That is, at least if not more, a solemn explanation of the first. Paul says that in response to humanity's exchanging of God to the worship of things that are not God, God Himself offers a divine response to this human action. God gives a response in response to human action. Verse 24, 26, and 28 tells us what this response is, and that is God handing us over or God giving us up to certain things. It was C. S. Lewis that famously said that the most horrible words that you and I will ever hear uttered in the universe are when God will say in holy judgment to humanity, "Your will be done."
And that is what essentially is happening here as part of God's revealing judgment. God allows us to feel, to witness the terrible decisions here and now. Our passage describes as being it describes this as being given up. I think it's the NIV that says, "handed over." God hands people over to these desires.
Let's have a look at the first thing that God has handed rebellious people over to. Firstly, God gives people up. He hands people over to the lusts of their hearts. Contrary to popular opinion, greater freedom for promiscuity, greater freedom to be promiscuous is not a greater freedom. How often do you hear people argue that society needs to break away from the stranglehold of our Christian past, the straight jacket of Christendom?
We need to break free, and then we will be truly happy, finally happy. Some of the things we hear about in this passage is almost uncomfortable to talk about in a church building. But notice how these actions, when humanity has exchanged God for a lie, these acts lead to a form of enslavement, which is absolutely and totally totalitarian. While people think they are pursuing a freedom in escaping God, the lusts of their life, the lusts of their heart is a form of dictatorship. Paul is saying God's active judgment, the revealing of His wrath right now, is to remove His common grace that constrains sin and its effects.
It's God lifting His hand and letting those things run their natural course. God's active judgment, in other words, is to let sin consume and destroy the people who gleefully pursue it. What's the result? Well, verse 24 says, their hearts become impure and they dishonour their bodies. In other words, you feel God's judgment in your deepest emotions, and you feel it somehow even physically in your body.
By giving people over to their lusts, God is simply giving them over to the effects of their religion, the effects of the idol that they are pursuing. God is allowing them to experience the consequence of worshipping the thing they want to worship. And the consequences of that handing over moment is that this religion demands what all religions do, total commitment, total commitment. If you haven't given your soul to God, your soul will be given to whatever else you choose to worship instead.
So the first consequence of a heart that exchanged God with something else is that God gives that person over to the deepest desires of their heart, which is a form of enslavement to that desire above all else. Now this is tied with the second handing over which happens, and that is when God gives people over to dishonourable passions. In verse 26, we are given the example of men and women handed over to desires exemplified by the exchanging of natural relations with unnatural ones. Now, like I said, the error here that Paul is highlighting is one of a sexual nature, but we shouldn't read these words as saying or indicating that homosexuality is the greatest sin there is. We'll soon see that Paul lists it as one amongst many, but Paul uses this graphic example of how sin begins to impact even the things that seem logically to be the most natural, the innate function, in other words, of reproduction and the basic pleasure of it, takes something so natural and you see how complicated it gets by sin.

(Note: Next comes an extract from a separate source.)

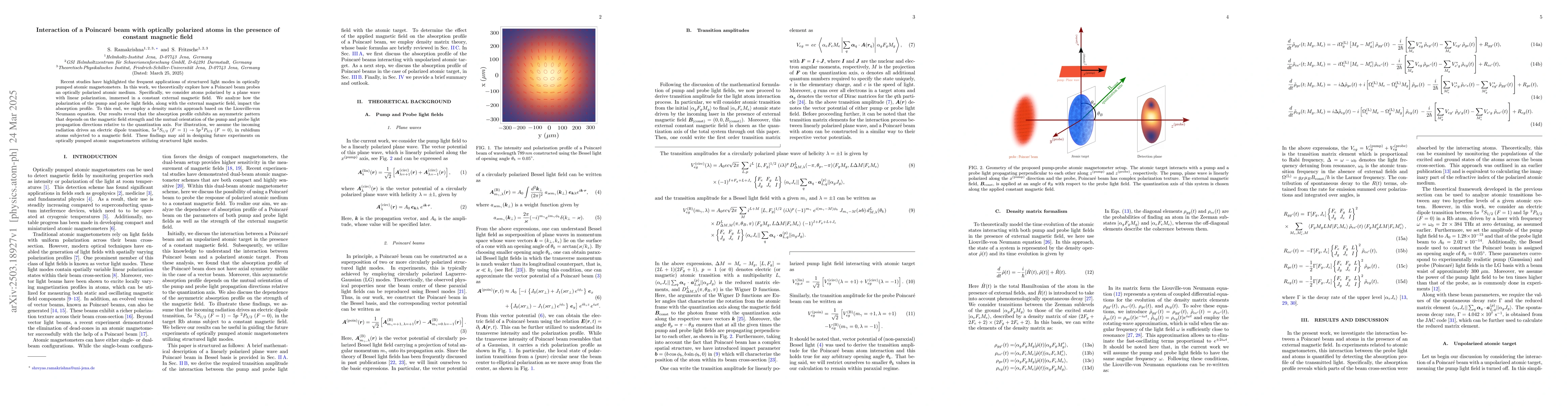 Thumbnail for Interaction of a Poincaré beam with optically polarized atoms in the
  presence of constant magnetic field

So the example of sexuality is simply used as a map to show the process of how God's handing people over to sin works. First, people are consumed, he says, by the lust of their hearts, and that is a bad start. But then they commit shameless acts that lead to a bad lifestyle. And then through this lifestyle, Paul concludes that they receive in their bodies the due penalty for their sin. Now, the language there is very interesting and I wish Paul was a little bit more clear about what that due penalty entails. But the language here is starting to hint at something.
It's the idea that when we think we have licence to do what we want, that we somehow can write God out of our lives and the history books, or the assertion that we just need to silence the Christians enough, or that we should just aim to discredit the Bible as much as possible and its words will go away, Paul is pointing to the reality that when you are enslaved in your religion, your heart and even your body will never know peace. The very language he uses here in verse 27, he says, "they receive in themselves the due penalty for their error," is Paul's way of saying, "If you shake your hand in God's face and say, 'My will be done,' then God will say to you, 'Okay, let your will be done, and I will give you over to that will and to all its consequences for your life.'" But just know this, you won't find any rest. You won't find any rest. Now, today's sermon is not a message on sexuality because this passage, like I said, is a universal passage that speaks about the awful results of all sin, but as an aside and given our cultural moment, Romans 1 partly explains to us why the LGBTQI suicide rates are still just as high as they have ever been.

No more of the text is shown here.